# Data shown
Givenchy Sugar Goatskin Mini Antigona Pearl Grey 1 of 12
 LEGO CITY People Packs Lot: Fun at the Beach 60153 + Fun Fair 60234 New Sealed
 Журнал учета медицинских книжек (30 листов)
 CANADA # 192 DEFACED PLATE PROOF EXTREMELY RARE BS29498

# What is required
Word for word, set down each line of the material.

# Answer box
Givenchy Sugar Goatskin Mini Antigona Pearl Grey 1 of 12
 LEGO CITY People Packs Lot: Fun at the Beach 60153 + Fun Fair 60234 New Sealed
 Журнал учета медицинских книжек (30 листов)
 CANADA # 192 DEFACED PLATE PROOF EXTREMELY RARE BS29498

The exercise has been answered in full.